From the entries below, reproduce exactly the line containing "Check spelling or", the line containing "Museu da amazônia", and every line in between, with nothing added.
══ RECORDS FOR PROCESSING ══
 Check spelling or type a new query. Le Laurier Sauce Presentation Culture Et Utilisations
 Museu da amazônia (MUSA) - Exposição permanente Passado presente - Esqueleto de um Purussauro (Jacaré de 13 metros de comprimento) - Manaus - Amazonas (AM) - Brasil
═══
══ RECORDS FOR PROCESSING ══
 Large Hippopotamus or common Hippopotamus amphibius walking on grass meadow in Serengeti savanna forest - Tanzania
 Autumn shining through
═══
══ RECORDS FOR PROCESSING ══
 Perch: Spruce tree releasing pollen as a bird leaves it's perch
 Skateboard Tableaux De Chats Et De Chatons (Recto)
═══
• _WRITTEN ANSWER_
 Check spelling or type a new query. Le Laurier Sauce Presentation Culture Et Utilisations
 Museu da amazônia (MUSA) - Exposição permanente Passado presente - Esqueleto de um Purussauro (Jacaré de 13 metros de comprimento) - Manaus - Amazonas (AM) - Brasil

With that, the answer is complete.